> _WHAT YOU WILL DO_
Having located the line with "this 1064×1127 image.", print it and each remaining line exactly, stopping at the end of the material and omitting pictures.

* * * * *

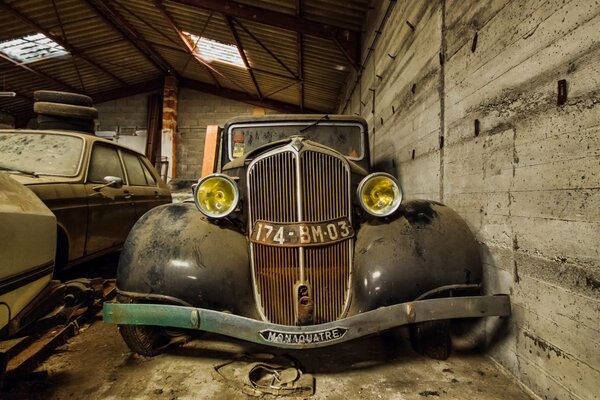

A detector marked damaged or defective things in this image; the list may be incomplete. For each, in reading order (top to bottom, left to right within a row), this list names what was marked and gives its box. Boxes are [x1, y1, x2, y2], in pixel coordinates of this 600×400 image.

broken roof skylight [0, 32, 68, 63]
broken roof skylight [185, 31, 246, 67]
abandoned vintage car [0, 130, 171, 270]
rusty chrome grille [247, 145, 352, 326]
rusty car chassis [102, 115, 510, 356]
abandoned vintage car [104, 115, 510, 356]
corroded bumper [103, 294, 510, 350]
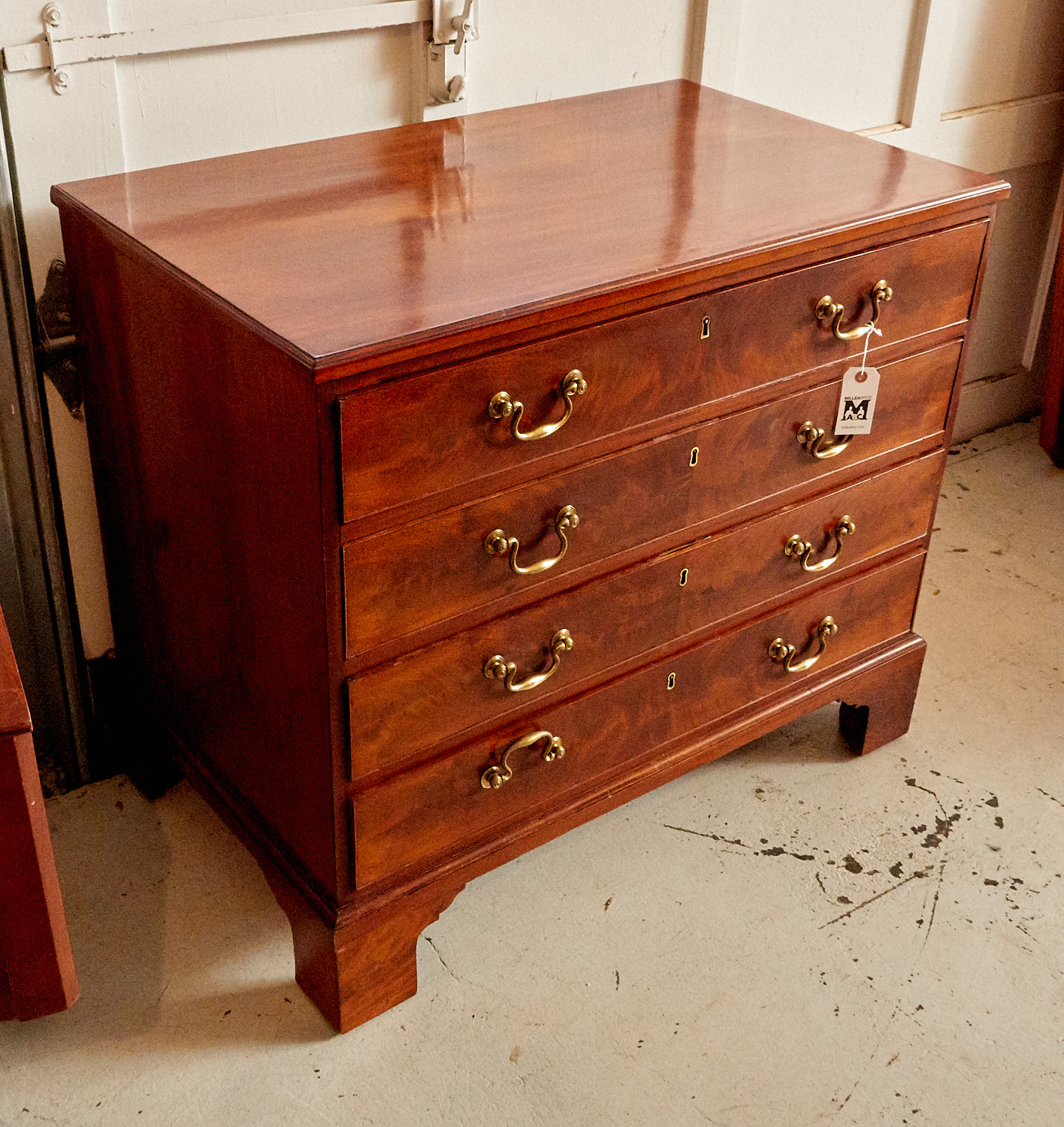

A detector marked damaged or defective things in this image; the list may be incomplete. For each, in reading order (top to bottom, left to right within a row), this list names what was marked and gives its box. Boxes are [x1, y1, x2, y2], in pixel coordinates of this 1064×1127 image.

cracked floor [2, 419, 1064, 1122]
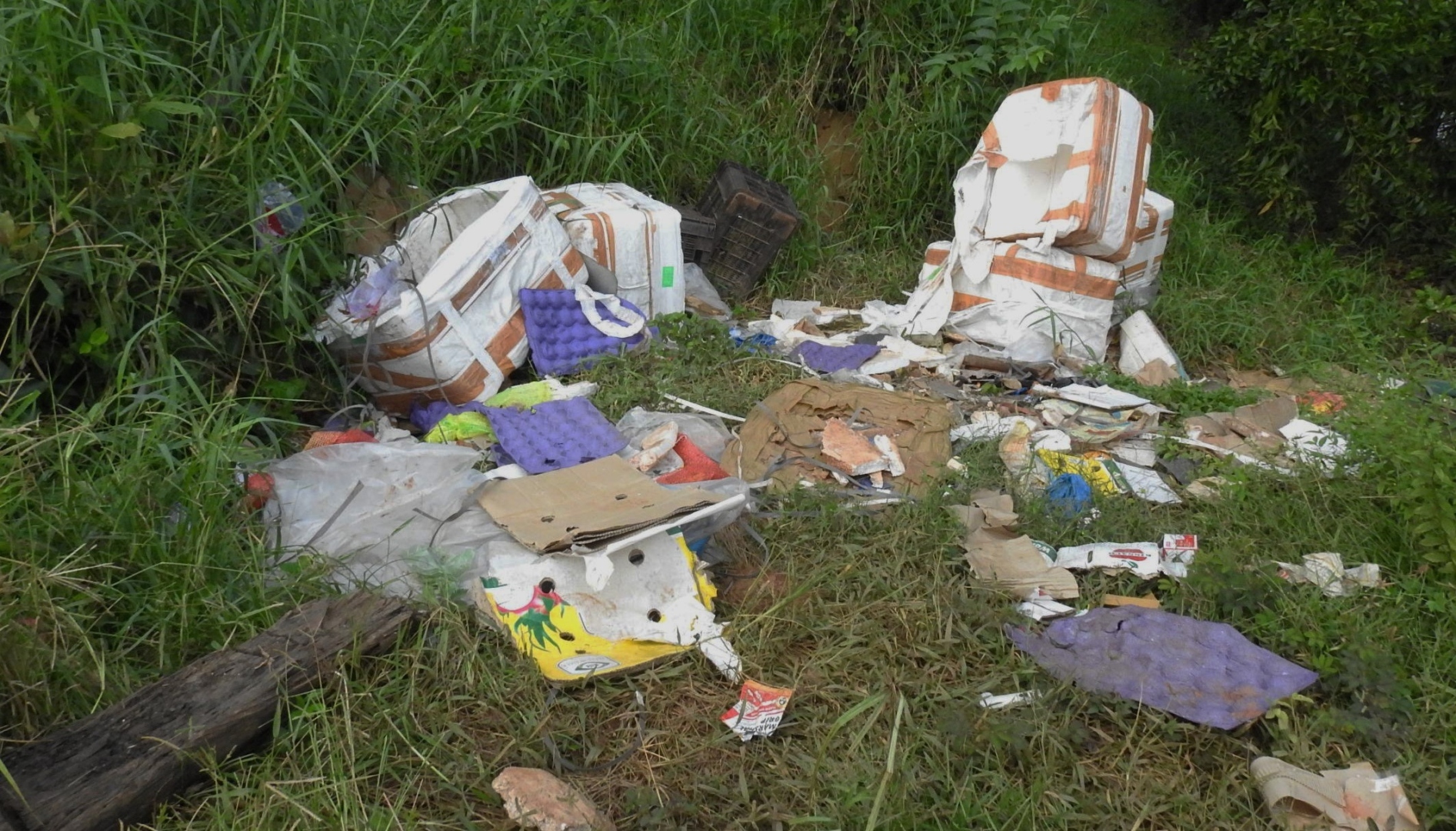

* * * * *

> _COMPLETED TASK_
A detector marked damaged or defective things in this image; the list may be incomplete. For each, in reading order (top to bottom, left to right within a row), this list names what was marked and gives its box. Boxes are [x1, y1, x2, y2], in pixel coordinates of this 1064×1127 image.

cracked floor [2, 419, 1064, 1122]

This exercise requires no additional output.